## Task item
The listing is to be reproduced exactly, excluding its pictures.

## Source data
*** Block opens ***
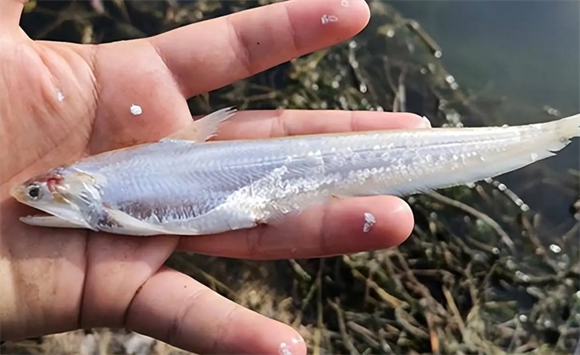 长江三鲜之刀鱼探秘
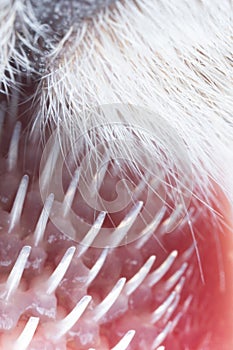 ultra macro close up of a cat& x27;s tongue with papillae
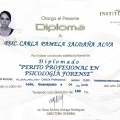 Ampliar imagen: certificate 3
*** Block closes ***
## Task answer
 长江三鲜之刀鱼探秘
 ultra macro close up of a cat& x27;s tongue with papillae
 Ampliar imagen: certificate 3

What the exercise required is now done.